天台宗の本尊と脇侍(脇掛)について

カテゴリ:【 天台宗

天台宗は社会の教科書などにも出てくる最澄によって興された妙法蓮華経を根本経典とし、後生に大きな影響を及ぼしたとされ日本仏教の母とも呼ばれています。

比叡山延暦寺を総本山とし、輪王寺や妙法院、毘沙門堂など門跡寺院も多く、金色堂で有名な中尊寺も天台宗の寺で東北大本山に当たります。

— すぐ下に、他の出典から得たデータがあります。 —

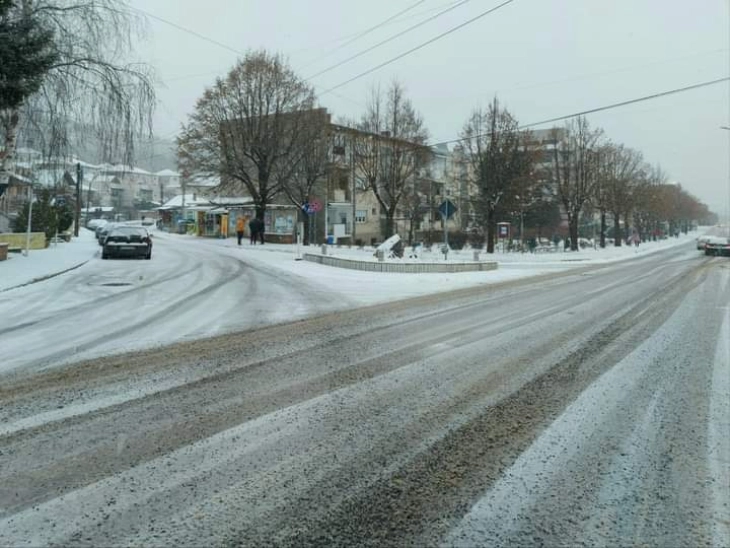 Во Македонска Каменица почна постапка за спроведување Јавна набавка за зимско одржување на локалните патишта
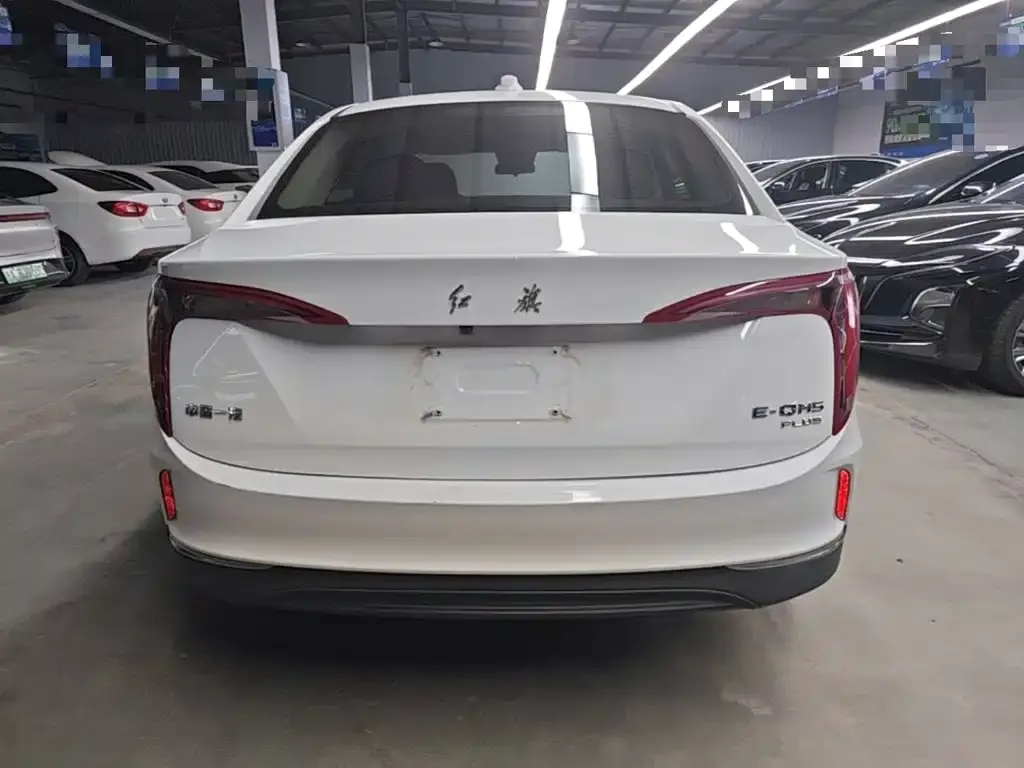 Hongqi E-QM5 — фото 3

天台宗の本尊や仏壇に祀る際の選び方などについて、天台宗の教えの特徴とともにご紹介していきます。

人はみな平等に成仏できるという教え

中国天台大師智顗が確立した天台宗の教えは「法華経」(お釈迦さまが最後に説いた教え)を根本とした「人はみな平等に成仏できる」という法華一乗の考え方に基づいたものです。

旧来の仏教では修行者を三つの立場に分けて三つの教えを説き、能力によっては成仏できない人もいるという三乗説が主流でした。
ですから、仏の真意はひとつとする一乗の教えを最上の仏道とし、ここにすべてが包括されていると唱えた天台宗の教えは画期的なものでした。

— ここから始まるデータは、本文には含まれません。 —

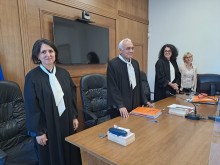 Рози на благодарност в последното открито заседание на съдия Радослав Славов от Апелативен съд - Варна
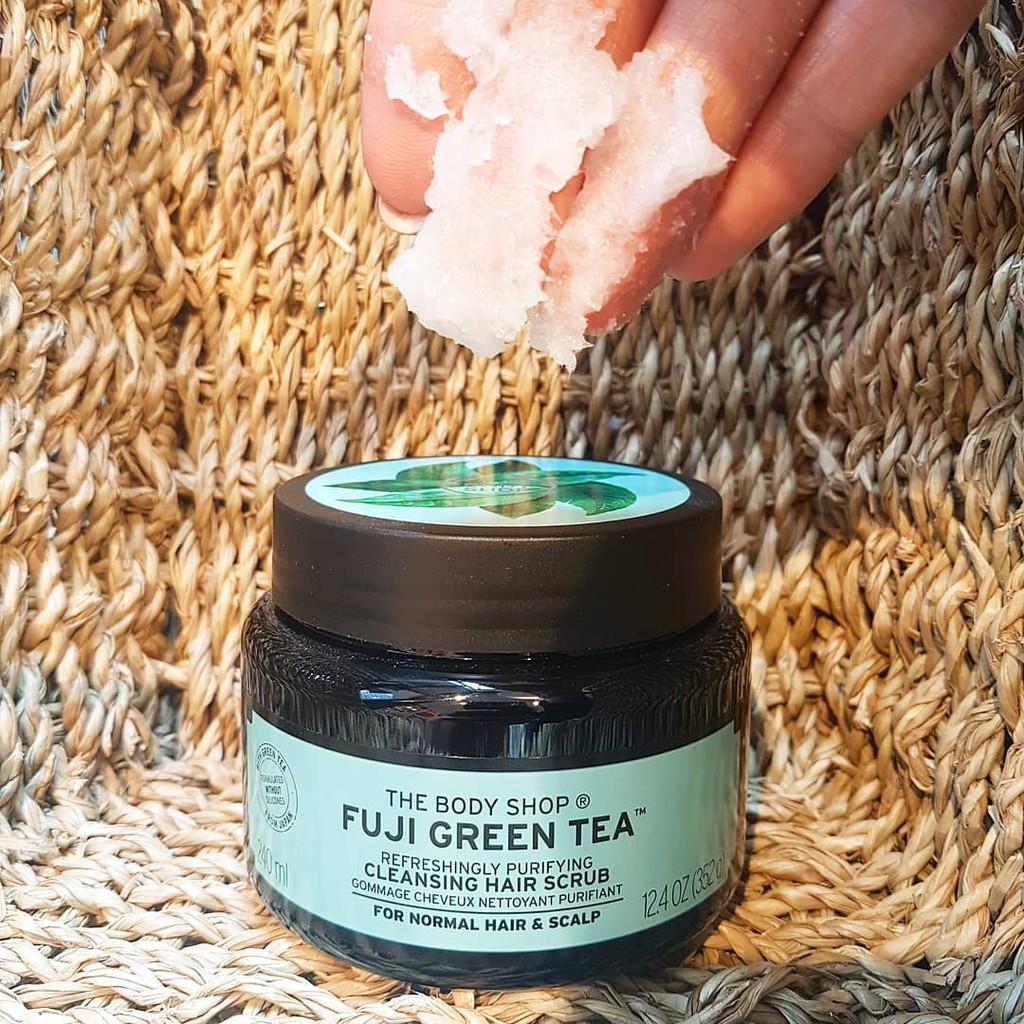 Dầu Gội Tẩy Tế Bào Chết Cho Da Đầu Fuji Green Tea Refreshingly Purifying  Scrub Shampoo 240ml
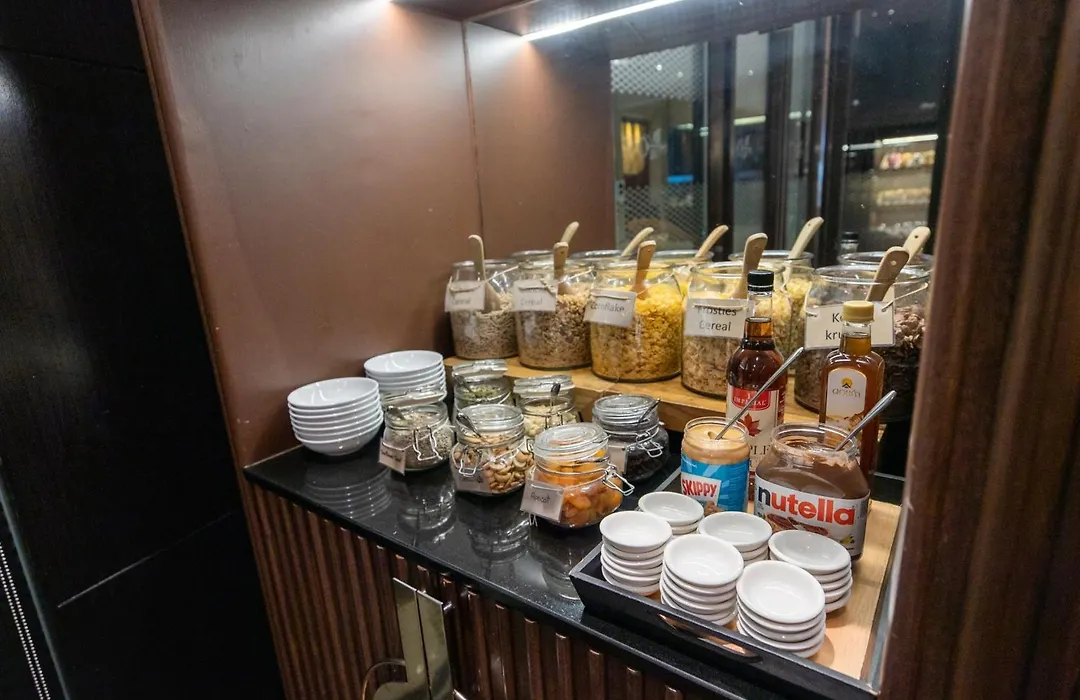 Sathorn Vista, Bangkok - Marriott Executive Apartments-1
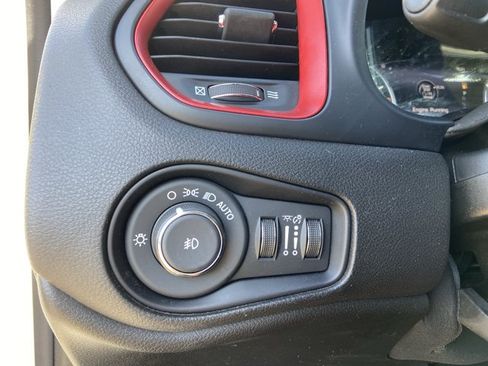 Used 2023 Jeep Renegade Trailhawk w/ Trailhawk Elite Group AWD/4WD image 44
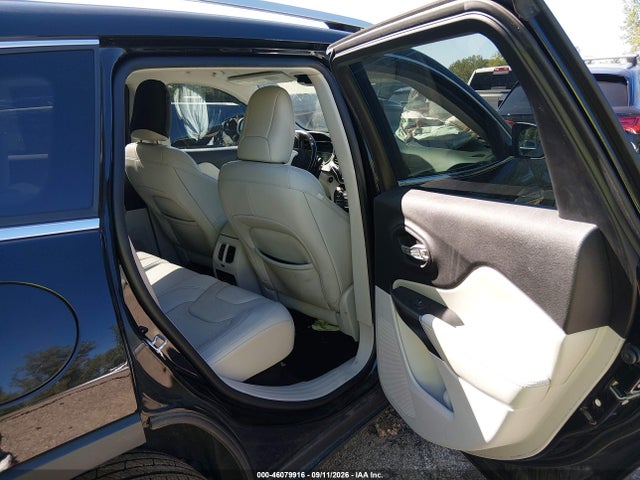 2021 Jeep Cherokee Latitude Lux 4x4 მანქანა იყიდება აუქციონზე, vin: 1C4PJMMX2MD185693, აუქციონის ნომერი: 46079916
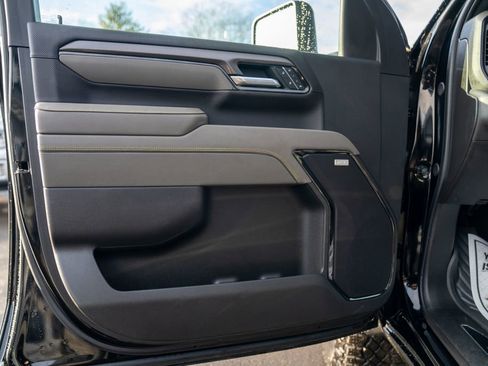 Used 2025 Chevrolet Silverado 2500 ZR2 w/ ZR2 Bison Edition image 21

この一乗思想に加えて菩薩戒、密教、禅もこの精神のなかにあるとした一大円教を説き、日本に伝えたのが最澄(伝教大師)です。

円(完全な教え、天台教理)、禅(座禅の行法)、戒(戒律、大乗戒)、密(密教、呪術的な仏教)がすべて根本的に一致すると捉え、四宗の総合仏教をもたらしました。

天台宗の本尊と脇侍について

本尊 釈迦如来(釈迦牟尼仏)あるいは阿弥陀如来薬師如来大日如来観世音菩薩
脇侍(脇掛) 天台大師・智顗、伝教大師・最澄

釈尊(お釈迦様)は久遠実成無作の釈迦牟尼仏を本仏(何度も世に現れて法華経を説く永遠の仏)としています。

本仏は衆生済度のためにさまざまな諸仏・諸尊に姿を変えて衆生を救っているという教えに基づき、特定の一仏を本尊とするように定めていません。

天台宗の総本山である比叡山根本中堂の本尊は釈迦牟尼仏ではなく、薬師寺如来が本尊として祀られています。

仏壇に祀るための選び方と並べ方

天台宗の本尊は「釈迦如来」になりますが、「阿弥陀如来」や「観世音菩薩」でも問題ないといわれています。
ただ、一般的なご家庭の仏壇では、本尊として「阿弥陀如来」を祀ることが多いようです。

中央に「阿弥陀如来」(もしくは「釈迦如来」)、向かって右側に「天台大師」、左側に「伝教大師」を配置する形になります。

最近では、本尊には掛け軸ではなく、「阿弥陀如来」の仏像をお祀りになる方が多くなっています。